I have a dataset with several groups, where I want to calculate a median value for each group using dplyr. The data are weighted, and the weights need to be taken into account in calculating the median. I found the weighted.median
function from spatstat which seems to work fine. Consider the following simplified example:
require(spatstat, dplyr)
tst <- data.frame(group = rep(c(1:5), each = 100))

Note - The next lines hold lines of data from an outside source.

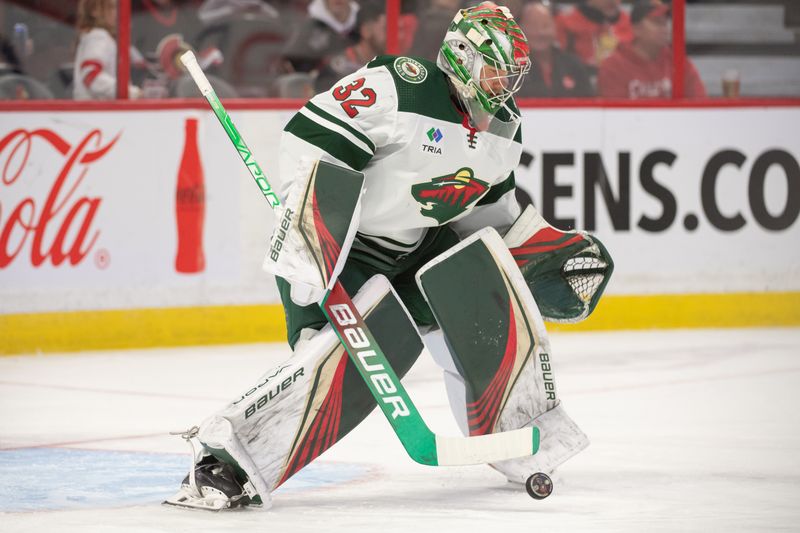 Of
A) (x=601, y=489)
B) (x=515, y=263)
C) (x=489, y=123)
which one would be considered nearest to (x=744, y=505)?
(x=601, y=489)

tst$val = runif(500) * tst$group
tst$wt = runif(500) * tst$val
tst %>%
group_by(group) %>%
summarise(weighted.median(val, wt))
# A tibble: 5 × 2
group `weighted.median(val, wt)`
<int> <dbl>
1 1 0.752
2 2 1.36
3 3 1.99
4 4 2.86
5 5 3.45
However, I would also like to add 95% confidence intervals to these values, and this has me stumped. Things I've considered:
- Spatstat also has a
weighted.var
function but there's no documentation, and it's not even clear to me whether this is variance around the median or mean. - This rcompanion post suggests various methods for calculating CIs around medians, but as far as I can tell none of them handle weights.
- This blog post suggests a function for calculating CIs and a median for weighted data, and is the closest I can find to what I need. However, it doesn't work with my dplyr groupings. I suppose I could write a loop to do this one group at a time and build the output data frame, but that seems cumbersome. I'm also not totally sure I understand the function in the post and slightly suspicious of its results- for instance, testing this out I get wider estimates for
alpha=0.1
than foralpha=0.05
, which seems backwards to me. Edit to add: upon further investigation, I think this function works as intended if I usealpha=0.95
for 95% CIs, rather thanalpha = 0.05
(at least, this returns values that feel intuitively about right). I can also make it work with dplyr by editing to return just a single moe value rather than a pair of high/low estimates. So this may be a good option- but I'm also considering others.
Is there an existing function in some library somewhere that can do what I want, or an otherwise straightforward way to implement this?